- Education: Southwestern College (BA) Binghamton University (MA, PhD)
- Occupation: Professor

= Virginia Blanton =

American academic

Virginia Blanton is Curators' Distinguished Professor of English Language and Literature at the University of Missouri–Kansas City and eminent scholar in Early English Studies.

==Life==
She graduated from Southwestern College, with a B.A. in English and Foreign Languages in 1989; from Binghamton University with a M.A. in English in 1991, and Ph.D. in English in 1998. She also holds an interdisciplinary Graduate Certificate in Medieval Studies from the Center for Medieval and Renaissance Studies at Binghamton University, 1995.

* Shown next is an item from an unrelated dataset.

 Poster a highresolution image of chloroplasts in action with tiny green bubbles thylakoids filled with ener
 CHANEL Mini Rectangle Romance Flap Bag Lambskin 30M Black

Her scholarly work has re-shaped conceptions of female spirituality in the early Middle Ages. Particularly in her work on saints' lives, Blanton has demonstrated that the lives of female saints such as Æthelthryth and their later cults offer powerful insights into the devotional lives of men and women in the Middle Ages. Her first book, Signs of Devotion: The Cult of St. Æthelthryth in Medieval England, 695–1615 received the Best First Book award from the Society for Medieval Feminist Scholarship in 2008. Blanton's later work focusses on the role of nuns in medieval book production and manuscript culture.

==Works==
- Signs of Devotion: The Cult of St. Æthelthryth in Medieval England, 695-1615. Penn State Press, 2007, ISBN 978-0-271-04798-0; paperback, 2010, ISBN 978-0-271-05869-6.
- V. Blanton, H. Scheck (eds.) Intertexts: Studies in Anglo-Saxon Culture Presented to Paul E. Szarmach, Medieval and Renaissance Texts and Studies, 2008, ISBN 978-0-86698-382-2.
- V. Blanton, V. O'Mara, P. Stoop (eds.) Nuns' Literacies in Medieval Europe: The Hull Dialogue, Brepols, 2013, ISBN 978-2-503-53972-0.
- V. Blanton, V. O'Mara, P. Stoop (eds.) Nuns' Literacies in Medieval Europe: The Kansas City Dialogue, Brepols, 2015, ISBN 978-2-503-54922-4.
- V. Blanton, V. O'Mara, P. Stoop (eds.) Nuns' Literacies in Medieval Europe: The Antwerp Dialogue, Brepols, 2017, ISBN 978-2-503-55411-2.
- V. O'Mara, V. Blanton Saints’ Lives for Medieval English Nuns, I: A Study of the ‘Lyves and Dethes’ in Cambridge University Library, MS Additional 2604 Brepols, 2023. ISBN 978-2-503-54551-6.
- V. O'Mara, V. Blanton (eds.) Saints’ Lives for Medieval English Nuns, II: An Edition of the ‘Lyves and Dethes’ in Cambridge University Library, MS Additional 2604 , Brepols, 2024. ISBN 978-2-503-60783-2.